* Task statement: Repeat the data that follows, word for word, without the images.

BEGIN

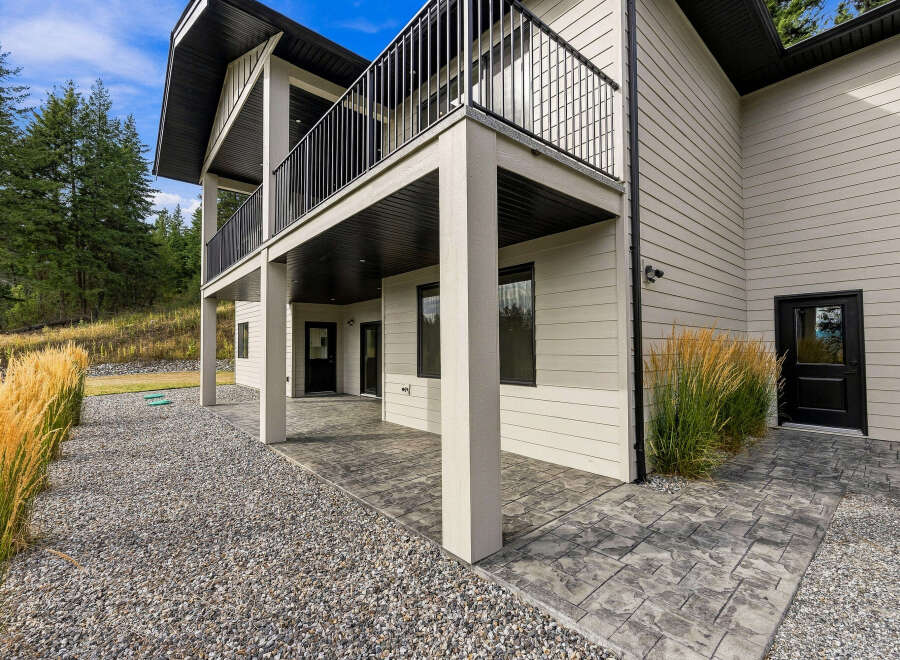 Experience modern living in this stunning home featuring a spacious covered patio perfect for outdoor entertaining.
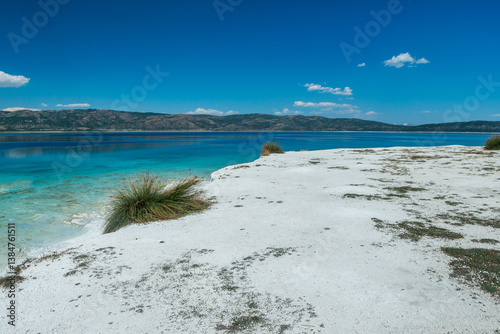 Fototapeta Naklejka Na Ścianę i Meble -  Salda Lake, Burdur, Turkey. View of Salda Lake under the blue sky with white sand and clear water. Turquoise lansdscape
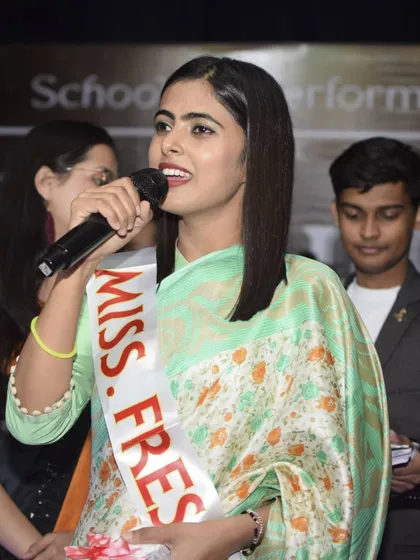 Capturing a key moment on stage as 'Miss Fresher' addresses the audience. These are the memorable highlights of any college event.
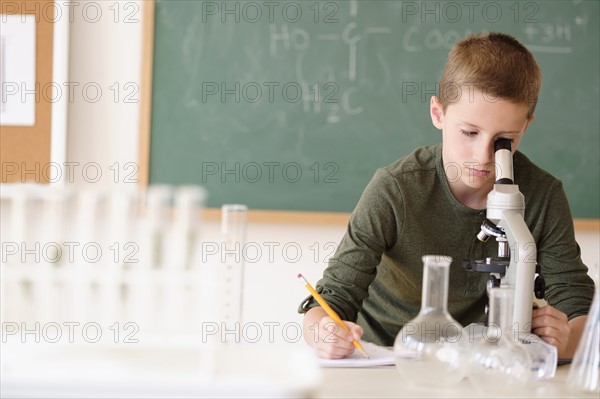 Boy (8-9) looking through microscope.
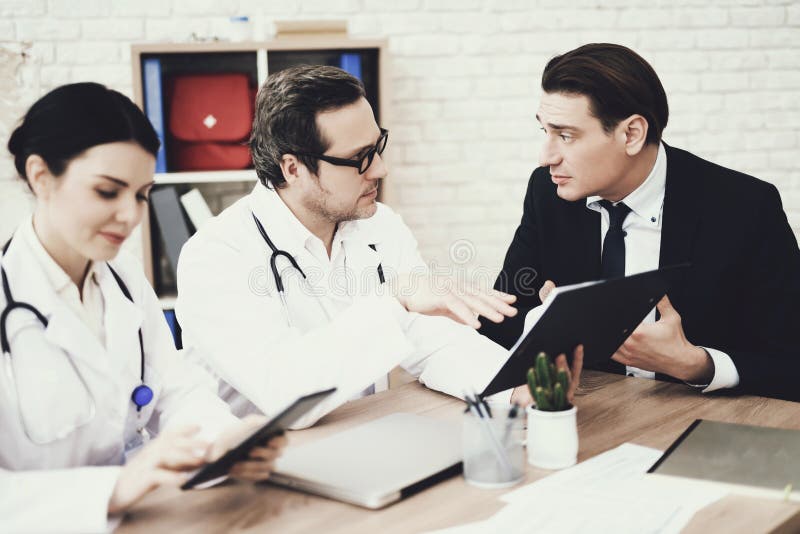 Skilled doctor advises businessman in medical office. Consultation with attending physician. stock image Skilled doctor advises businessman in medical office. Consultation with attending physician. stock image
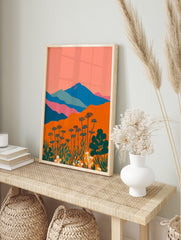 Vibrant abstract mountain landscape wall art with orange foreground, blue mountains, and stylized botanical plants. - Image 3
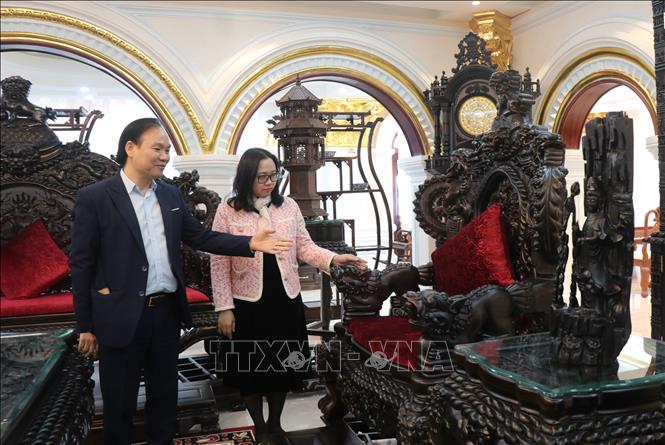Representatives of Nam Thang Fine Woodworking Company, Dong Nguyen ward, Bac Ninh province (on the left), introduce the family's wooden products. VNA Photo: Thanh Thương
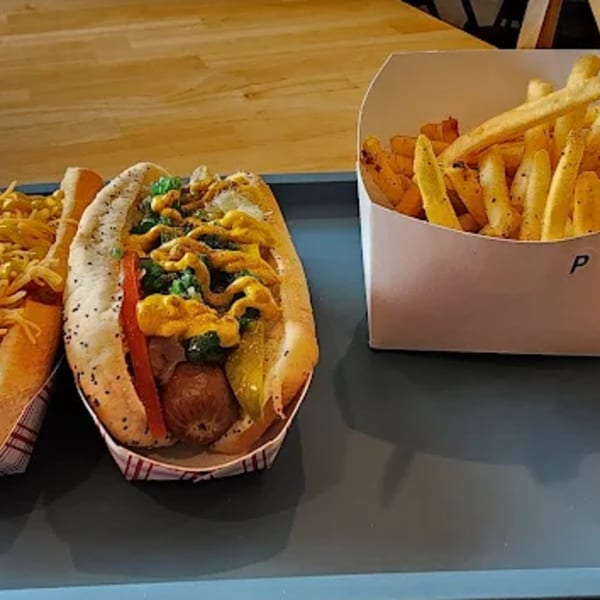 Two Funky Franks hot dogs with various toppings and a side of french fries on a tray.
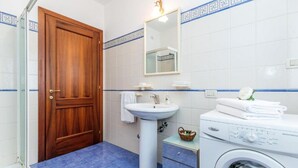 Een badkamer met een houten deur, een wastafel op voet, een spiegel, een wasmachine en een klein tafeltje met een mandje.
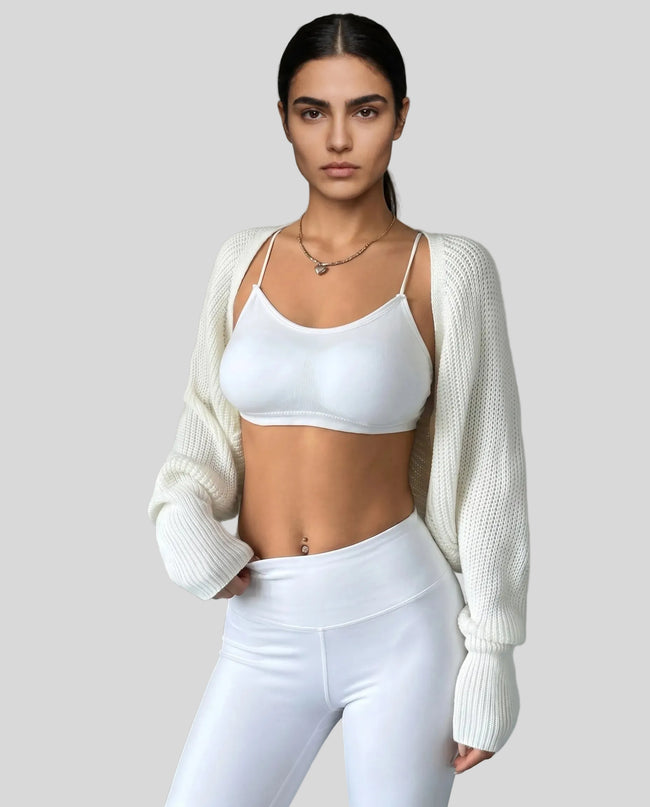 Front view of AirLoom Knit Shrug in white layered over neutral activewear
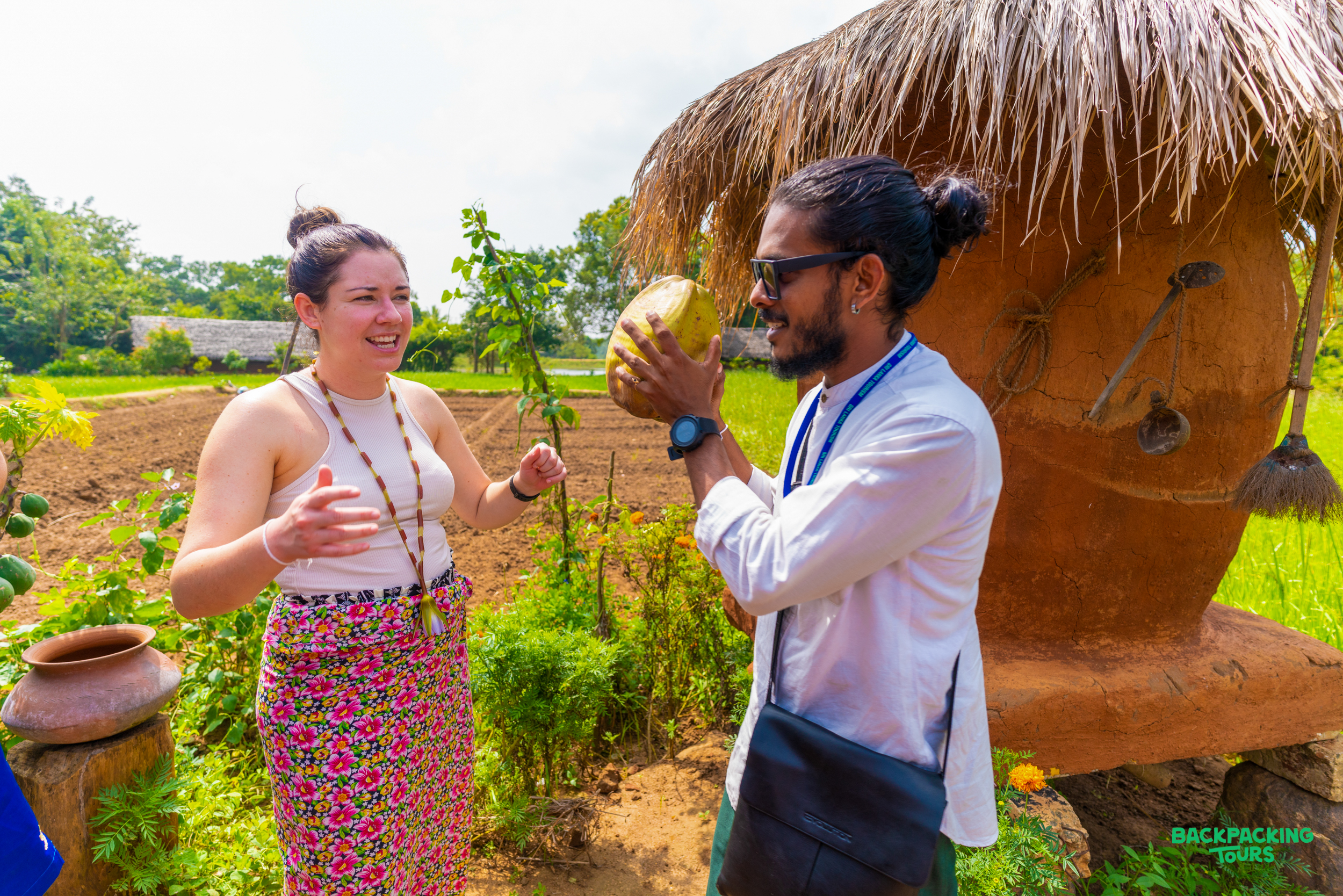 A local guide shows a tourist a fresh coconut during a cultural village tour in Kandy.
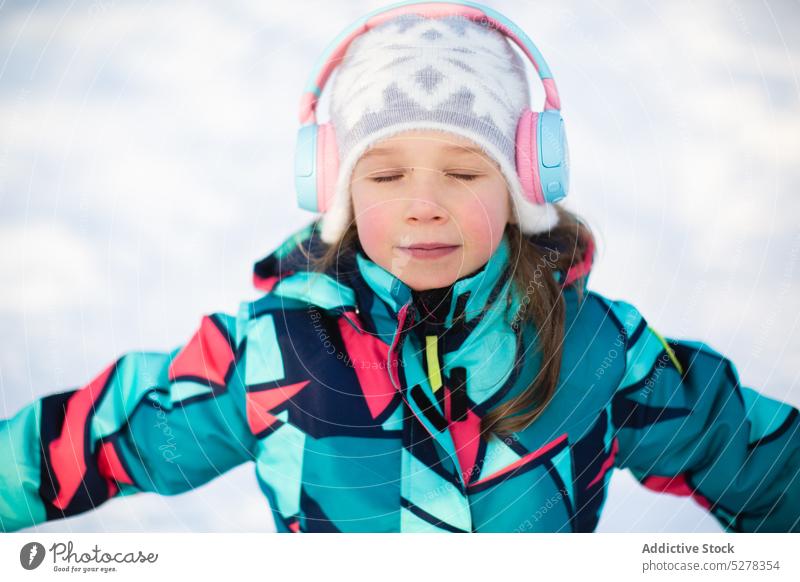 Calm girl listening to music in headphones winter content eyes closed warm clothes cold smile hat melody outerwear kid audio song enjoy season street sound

END

* Result for this exercise:
 Experience modern living in this stunning home featuring a spacious covered patio perfect for outdoor entertaining.
 Fototapeta Naklejka Na Ścianę i Meble -  Salda Lake, Burdur, Turkey. View of Salda Lake under the blue sky with white sand and clear water. Turquoise lansdscape
 Capturing a key moment on stage as 'Miss Fresher' addresses the audience. These are the memorable highlights of any college event.
 Boy (8-9) looking through microscope.
 Skilled doctor advises businessman in medical office. Consultation with attending physician. stock image Skilled doctor advises businessman in medical office. Consultation with attending physician. stock image
 Vibrant abstract mountain landscape wall art with orange foreground, blue mountains, and stylized botanical plants. - Image 3
Representatives of Nam Thang Fine Woodworking Company, Dong Nguyen ward, Bac Ninh province (on the left), introduce the family's wooden products. VNA Photo: Thanh Thương
 Two Funky Franks hot dogs with various toppings and a side of french fries on a tray.
 Een badkamer met een houten deur, een wastafel op voet, een spiegel, een wasmachine en een klein tafeltje met een mandje.
 Front view of AirLoom Knit Shrug in white layered over neutral activewear
 A local guide shows a tourist a fresh coconut during a cultural village tour in Kandy.
 Calm girl listening to music in headphones winter content eyes closed warm clothes cold smile hat melody outerwear kid audio song enjoy season street sound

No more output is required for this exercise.